Candidate key finding using closure in DBMS Theory - Time & Space Complexity
Finding candidate keys using closure involves checking attribute combinations to see if they determine all other attributes.
We want to understand how the time needed grows as the number of attributes increases.
Analyze the time complexity of the following pseudocode for candidate key finding using closure.
FOR each subset S of attributes in relation R
Compute closure of S
IF closure of S includes all attributes in R
Mark S as a candidate key
END IF
END FOR
This code tries every possible attribute subset, computes its closure, and checks if it covers all attributes.
Look for repeated steps that take most time.
- Primary operation: Computing closure for each subset of attributes.
- How many times: Once for every subset, which grows as the number of attributes increases.
As the number of attributes (n) grows, the number of subsets grows very fast.
| Input Size (n) | Approx. Operations |
|---|---|
| 3 | 8 subsets to check |
| 5 | 32 subsets to check |
| 10 | 1024 subsets to check |
Pattern observation: The number of subsets doubles with each added attribute, causing exponential growth.

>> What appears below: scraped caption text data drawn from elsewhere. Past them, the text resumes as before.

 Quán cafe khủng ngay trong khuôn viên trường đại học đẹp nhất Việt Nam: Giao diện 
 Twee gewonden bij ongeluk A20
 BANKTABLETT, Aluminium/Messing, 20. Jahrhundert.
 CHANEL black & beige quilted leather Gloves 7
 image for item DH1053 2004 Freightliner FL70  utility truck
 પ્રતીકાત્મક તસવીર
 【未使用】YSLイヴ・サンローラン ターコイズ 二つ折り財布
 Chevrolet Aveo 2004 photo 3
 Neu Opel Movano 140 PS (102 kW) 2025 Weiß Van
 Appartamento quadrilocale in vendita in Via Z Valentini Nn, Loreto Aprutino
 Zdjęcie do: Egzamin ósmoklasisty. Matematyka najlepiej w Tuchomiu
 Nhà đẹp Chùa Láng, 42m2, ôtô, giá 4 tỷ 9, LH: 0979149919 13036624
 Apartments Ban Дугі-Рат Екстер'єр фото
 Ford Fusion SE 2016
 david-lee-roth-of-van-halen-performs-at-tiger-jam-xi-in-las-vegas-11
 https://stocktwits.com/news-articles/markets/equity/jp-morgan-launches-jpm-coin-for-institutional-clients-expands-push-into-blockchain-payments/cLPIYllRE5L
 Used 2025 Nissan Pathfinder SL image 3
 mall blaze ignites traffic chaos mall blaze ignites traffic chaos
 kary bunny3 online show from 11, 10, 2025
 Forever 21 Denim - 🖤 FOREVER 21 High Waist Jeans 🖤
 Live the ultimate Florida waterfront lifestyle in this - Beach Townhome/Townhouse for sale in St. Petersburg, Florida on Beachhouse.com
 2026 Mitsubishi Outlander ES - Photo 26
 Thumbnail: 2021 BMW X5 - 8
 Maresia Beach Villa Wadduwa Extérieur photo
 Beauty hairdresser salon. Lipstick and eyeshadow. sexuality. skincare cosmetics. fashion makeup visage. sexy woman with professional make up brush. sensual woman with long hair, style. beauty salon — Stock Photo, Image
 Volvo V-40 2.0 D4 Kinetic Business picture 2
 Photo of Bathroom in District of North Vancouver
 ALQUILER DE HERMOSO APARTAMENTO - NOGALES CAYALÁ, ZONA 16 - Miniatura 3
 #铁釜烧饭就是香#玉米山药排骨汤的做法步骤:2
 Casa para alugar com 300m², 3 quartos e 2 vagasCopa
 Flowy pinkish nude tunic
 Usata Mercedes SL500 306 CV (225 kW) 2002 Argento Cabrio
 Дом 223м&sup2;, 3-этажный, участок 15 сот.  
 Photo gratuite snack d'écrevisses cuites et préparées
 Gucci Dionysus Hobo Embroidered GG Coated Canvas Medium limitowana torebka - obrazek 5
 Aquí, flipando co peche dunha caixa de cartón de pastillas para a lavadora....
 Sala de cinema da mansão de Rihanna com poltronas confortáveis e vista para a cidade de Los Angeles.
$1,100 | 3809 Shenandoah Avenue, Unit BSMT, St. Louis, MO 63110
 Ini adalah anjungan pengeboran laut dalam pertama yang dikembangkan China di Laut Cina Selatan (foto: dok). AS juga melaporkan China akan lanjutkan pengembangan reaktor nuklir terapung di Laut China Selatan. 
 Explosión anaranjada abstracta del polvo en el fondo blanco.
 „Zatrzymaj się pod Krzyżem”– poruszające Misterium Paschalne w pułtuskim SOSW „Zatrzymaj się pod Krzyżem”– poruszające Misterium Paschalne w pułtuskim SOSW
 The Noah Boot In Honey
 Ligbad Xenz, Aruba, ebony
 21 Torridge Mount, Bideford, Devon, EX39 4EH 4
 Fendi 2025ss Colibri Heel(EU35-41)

Time Complexity: O(2^n * m)
This means the time grows exponentially with the number of attributes, where n is attributes count and m is number of functional dependencies.
[X] Wrong: "Checking only a few subsets is enough to find all candidate keys quickly."
[OK] Correct: Candidate keys can be any subset, so skipping subsets risks missing keys and leads to incorrect results.
Understanding this complexity helps you explain why candidate key discovery can be slow and shows your grasp of database fundamentals.
What if we limited the subsets to only those with a fixed size? How would the time complexity change?